Algunas voces plantean que la consolidación de la paz depende de nuestra capacidad de perdonar; que el perdón es el detonante para iniciar un proceso de reconciliación después de más de 50 años de divisiones y guerras fratricidas.

Nos dicen que debemos perdonar.  Pero también que, de alguna manera, ese perdón implicaría renunciar a la exigencia de un justo castigo o a la restitución de los derechos perdidos. Todo, en aras de ese interés superior que vemos en la posibilidad de la paz.  Pero lo cierto es que si el perdón no viene acompañado de garantías reales de no repetición, de un reconocimiento de lo sucedido y de la posibilidad de materializar reivindicaciones postergadas, no es más que un beneficio para un Estado ausente y motor de la exclusión social.

Lo realmente transformador sería iniciar un proceso de reconciliación sin imponer el perdón a las personas afectadas por la violencia, de manera que la paz se acompañe de compromisos sociales y políticas contra los eternos ciclos de violencia. La reconciliación podría convertirse en un gran catalizador de la paz, pues implica un proceso de construcción colectiva, así como el reconocimiento sincero de responsabilidades y no un mero formalismo político.

La reconciliación pasa por un esclarecimiento plural de las causas de la guerra. El proceso que necesitamos implica asumirnos como un país diverso y plural, que humanicemos al ‘enemigo’ y que existan garantías para el ejercicio político y la movilización social.

Para fomentar procesos reales de reconciliación, el Estado debe abrir espacios para la participación efectiva de amplios sectores sociales excluidos durante décadas en el diseño de políticas y pactos sociales. De paso, tiene que garantizar la democratización de la memoria y el respeto a nuevos interlocutores y liderazgos.

La reconciliación solo será posible si sabemos qué ha motivado, degradado y perpetuado la guerra, si el reconocimiento de responsabilidad de todos los implicados –lo que incluye a los medios de comunicación, gremios, poderes locales, nacionales y políticos– es difundido masivamente.

Hablamos no sólo de saber cuál es el soldado, el guerrillero o el paramilitar que estuvo implicado en un hecho victimizante concreto, sino de los grandes responsables. Hay que ponerle nombre propio a las fuerzas oscuras, a los enemigos agazapados de la paz. Esa es la gran responsabilidad de la Comisión de la Verdad y demás mecanismos de justicia transicional pactados en La Habana.

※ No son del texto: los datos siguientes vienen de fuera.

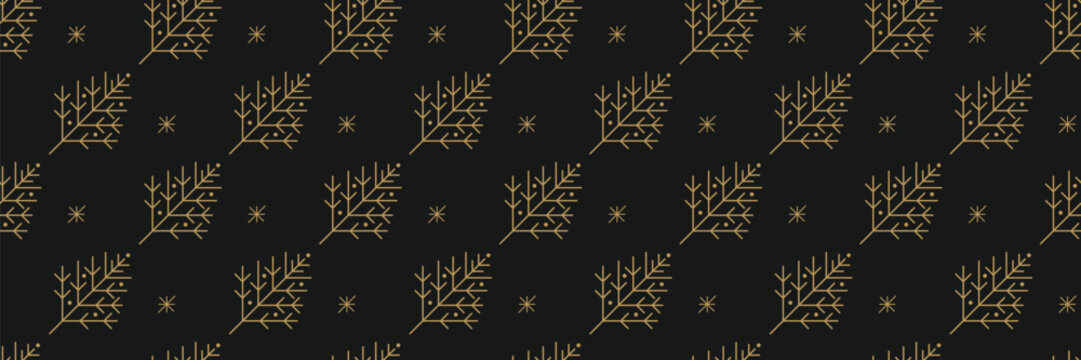 Pattern geometric golden with branch pine fir and floral textile background. Gold festive winter with seamless graphic botanical and motif vector outline.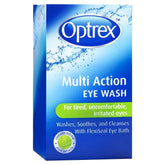 Optrex botella frontal 100ml mostrando el diseño y capacidad para limpieza ocular
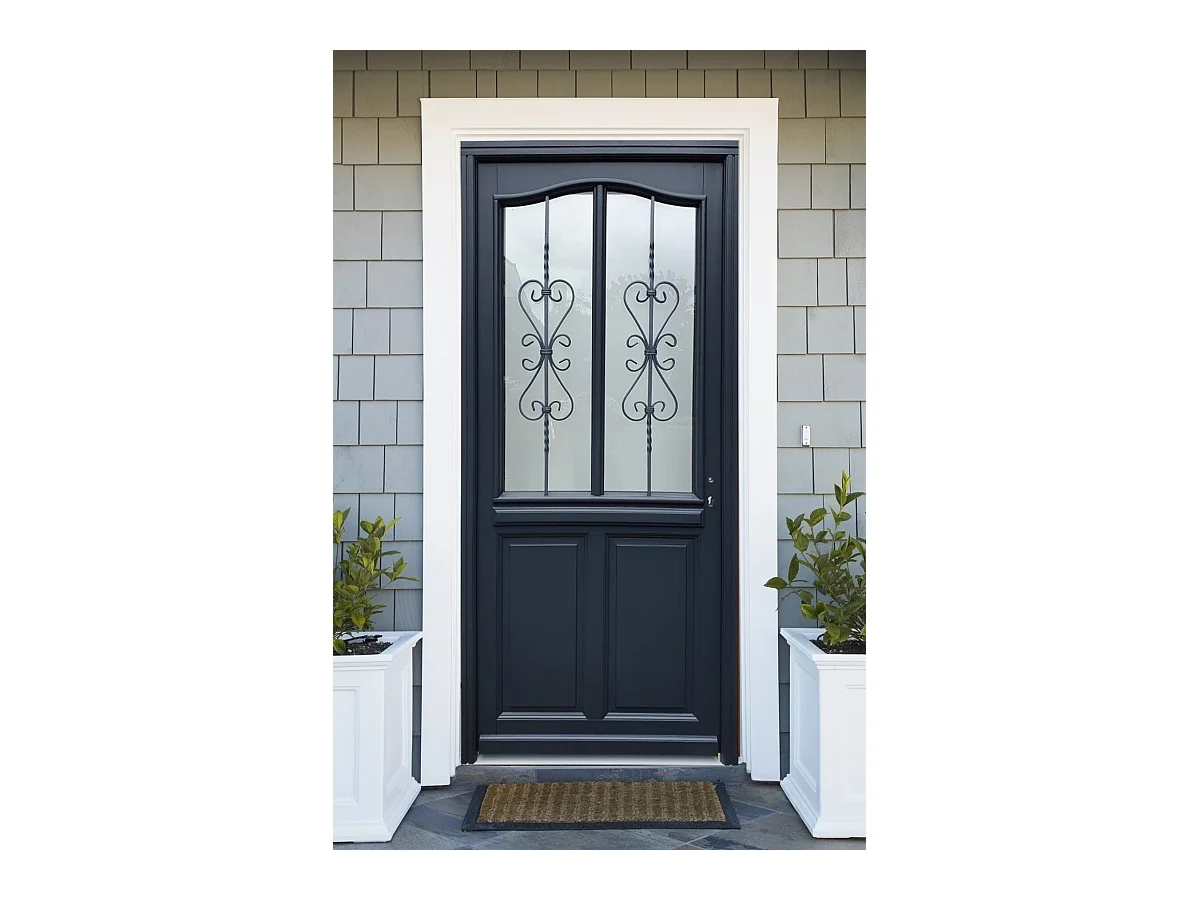 Porte d'entree Bois vitree, Sanna, H,215xl,90  p,gauche  Cote Tableau + Poignee Et Barillet (ref 010403FP)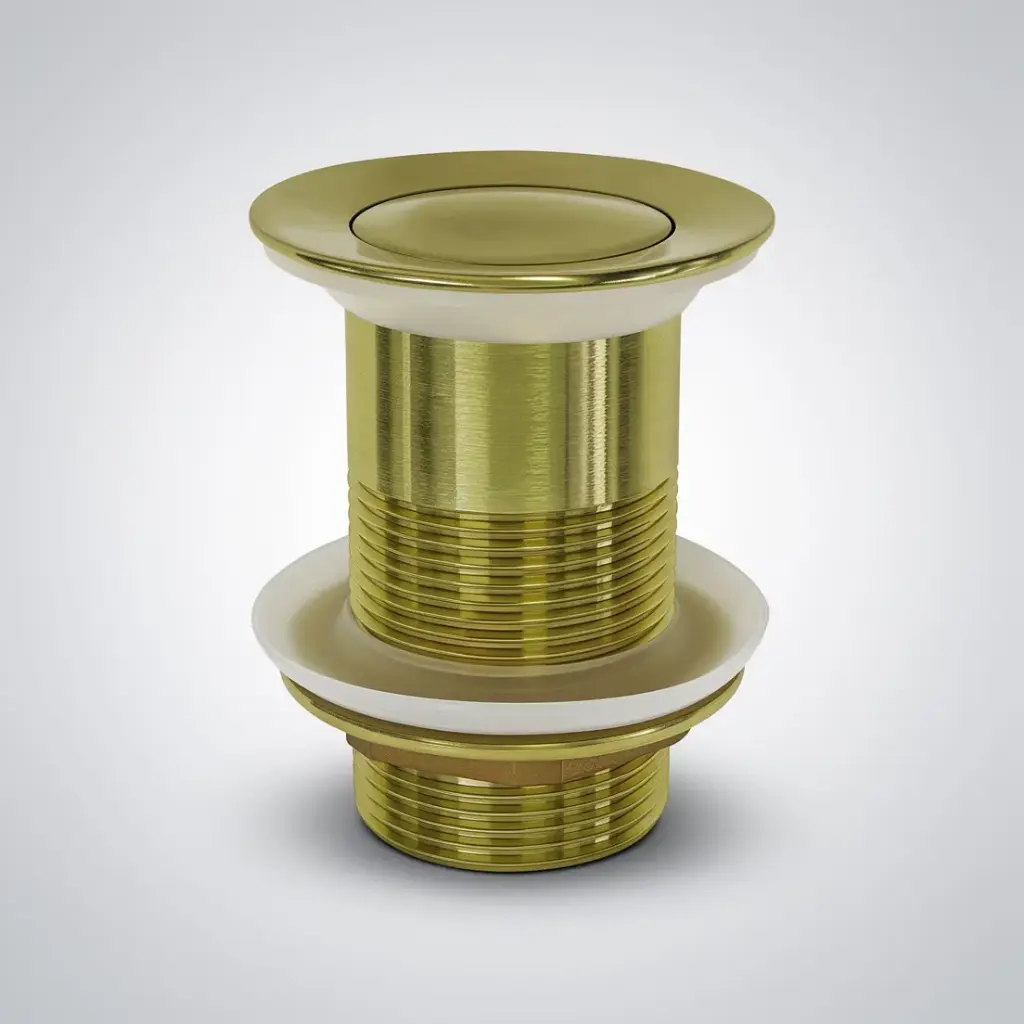 Brushed Gold Solid Brass 32mm Pop Up Waste Non Overflow
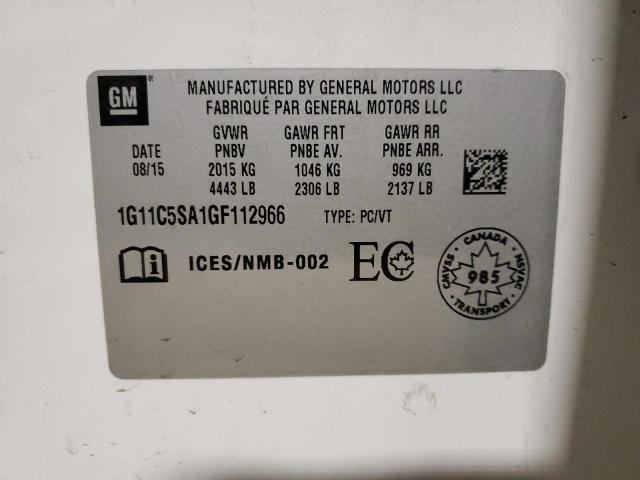 1G11C5SA1GF112966 - 2016 CHEVROLET MALIBU LIM LT Ақ фото 12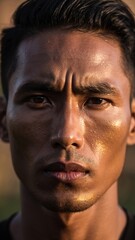 Close-up portrait of a man with sweat and gold glitter on his face.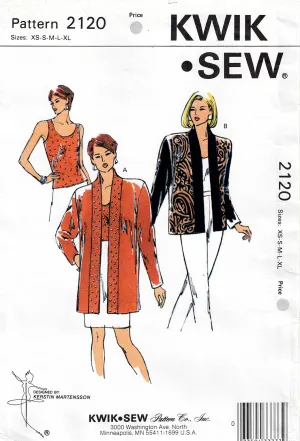 Kwik Sew 2120 Womens Stretch Tank Top & Jacket 1990s Vintage Sewing Pattern Size XS - XL UNCUT Factory Folded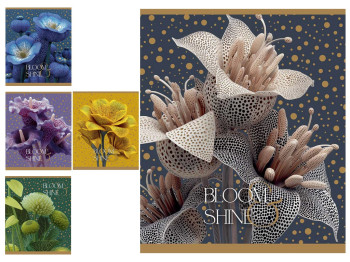 Зошит загальний у клітинку Школярик Magic Flowers, 60 аркушів, мікс видів, ціна за 1 шт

La verdad debe permitir que la memoria sea patrimonio de todos, que garantice una democracia real y no figurada como la que tenemos. Es decir, participativa y generadora de una nueva identidad nacional.

Una de las preguntas que debemos responder como sociedad es cómo logramos hacer de la paz un estado de democracia, una posibilidad de expresión y acción movilizadora, sin represión y exclusión, un proceso transformador de valores y conciencias.

La reconciliación tiene que servir para poner en primera línea de discusión los problemas postergados con la excusa de la guerra y los que estamos aplazando mientras alcanzamos la paz –la minería, los megaproyectos, el uso de los suelos y los monocultivos, la venta del patrimonio público–.

No se trata de una paz a cualquier precio, nuestro compromiso con la reconciliación exige reclamar todas las garantías para la construcción de nuestro futuro común. Se trata de ejercer nuestra plena ciudadanía, respetar para transformar nuestros valores y asumir juntos la democracia como una manera de vivir y convivir.